Each line of the listing, apart from the pictures, is to be printed exactly.

EXERCISE DATA –
* * * * * * *

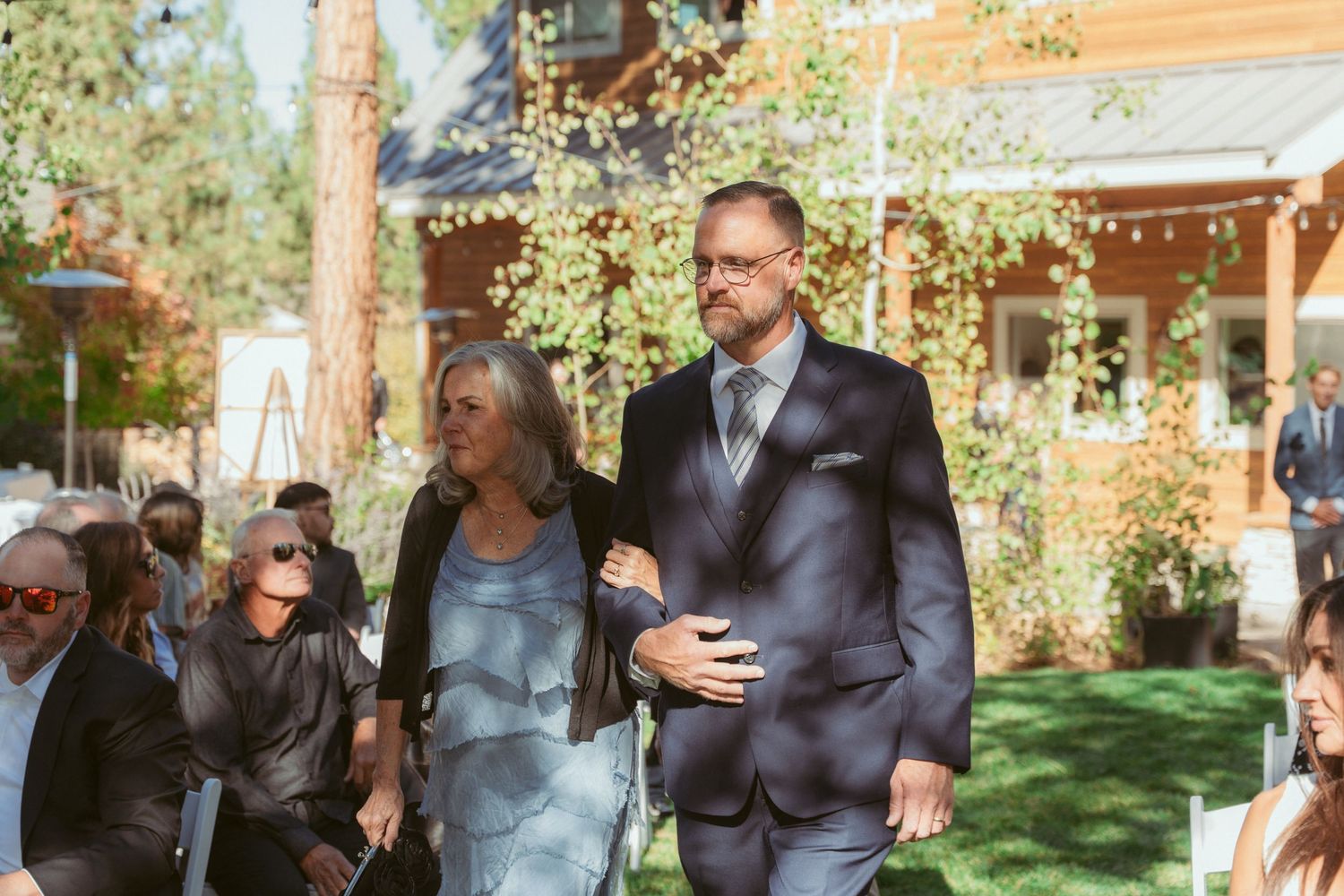 Wedding guests walk down an aisle at an outdoor ceremony with string lights and trees in the background.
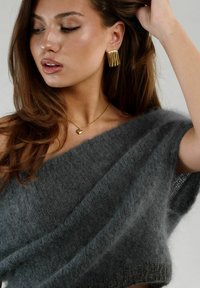 Grå fuzzy uld off-the-shoulder top med en tekstureret finish, parret med guldøreringe med bølgemønster og en guldhjerteformet halskæde.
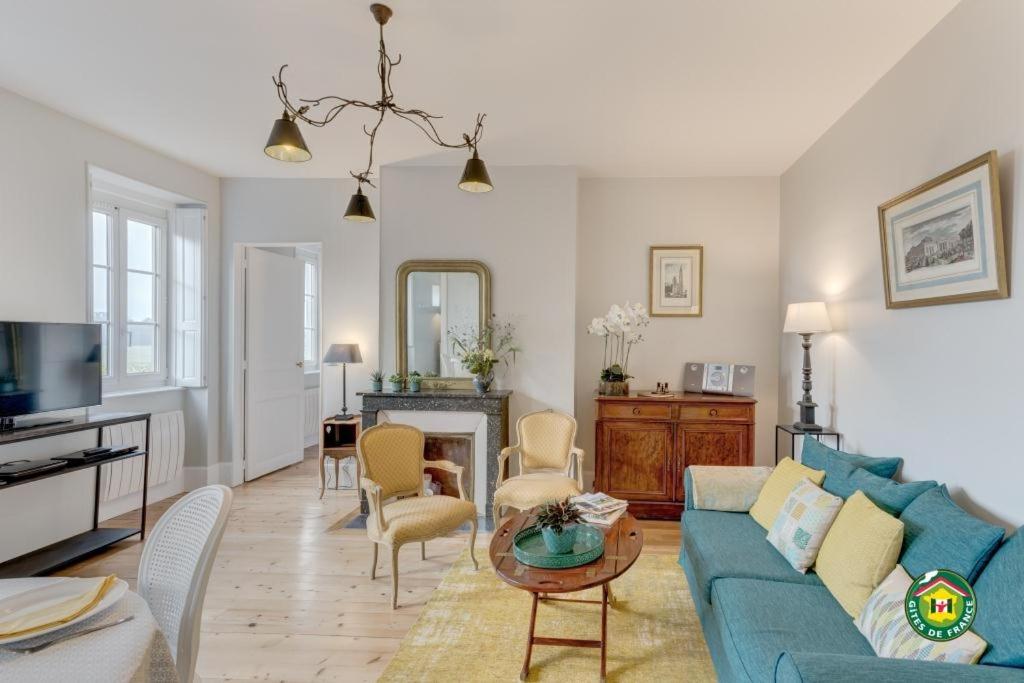 ein Wohnzimmer mit einem blauen Sofa und einem Tisch in der Unterkunft Vue sur chantilly in Chantilly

* * * * * * *

RESULT OF THIS TASK –
 Wedding guests walk down an aisle at an outdoor ceremony with string lights and trees in the background.
 Grå fuzzy uld off-the-shoulder top med en tekstureret finish, parret med guldøreringe med bølgemønster og en guldhjerteformet halskæde.
 ein Wohnzimmer mit einem blauen Sofa und einem Tisch in der Unterkunft Vue sur chantilly in Chantilly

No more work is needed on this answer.